“Years after I'd seen him for the last time I found myself thinking of him unexpectedly and often. You know how certain places grow powerful in the mind with passing time. In those early morning dreams when I come back to bed after a sleepy pee and fall quickly into the narrow end of the night, there is one set of streets I keep returning to, one dim mist of railroad rooms and certain figures reappear, borderline ghosts.”
“When my head is in the typewriter the last thing on my mind is some imaginary reader. I don’t have an audience; I have a set of standards.
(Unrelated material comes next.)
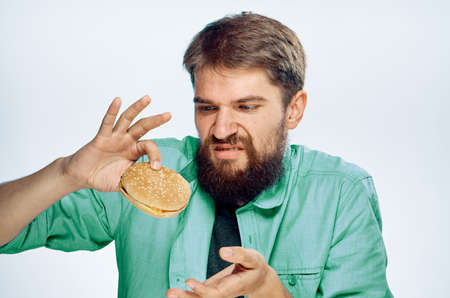 Man with a beard on a white isolated background holds a hamburger, emotions, fast food.の写真素材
But when I think of my work out in the world, written and published, I like to imagine it’s being read by some stranger somewhere who doesn’t have anyone around him to talk to about books and writing—maybe a would-be writer, maybe a little lonely, who depends on a certain kind of writing to make him feel more comfortable in the world.”
“Before I fell asleep, eventually, was thinking when I was a small kid how I'd try to imagine the end of the century and what a far-off wonder that was and I'd figure out how old I'd be when the century ended, years, months, days and now look, incredible we're here - we're six years in and I realize I'm the same skinny kid, my life shadowed by his presence, won't step on cracks on the sidewalk, not as superstition but as a test, a discipline, still do it.”
“When I read obituaries I always note the age of the deceased. Automatically I relate this figure to my own age. Four years to go, I think. Nine more years. Two years and I'm dead. The power of numbers is never more evident than when we use them to speculate on the time of our dying.”
“Once, probably, I used to think that vagueness was a loftier kind of poetry, truer to the depths of consciousness, and maybe when I started to read mathematics and science back in the mid-70s I found an unexpected lyricism in the necessarily precise language that scientists tend to use My instinct, my superstition is that the closer I see a thing and the more accurately I describe it, the better my chances of arriving at a certain sensuality of expression.”
“That night, after the movie, driving my father's car along the country roads, I began to wonder how real the landscape truly was, and how much of a dream is a dream.”
“Time seems to pass. The world happens, unrolling into moments, and you stop to glance at a spider pressed to its web. There is a quickness of light and a sense of things outlined precisely and streaks of running luster on the bay. You know more surely who you are on a strong bright day after a storm when the smallest falling leaf is stabbed with self-awareness. The wind makes a sound in the pines and the world comes into being, irreversibly, and the spider rides the wind-swayed web.”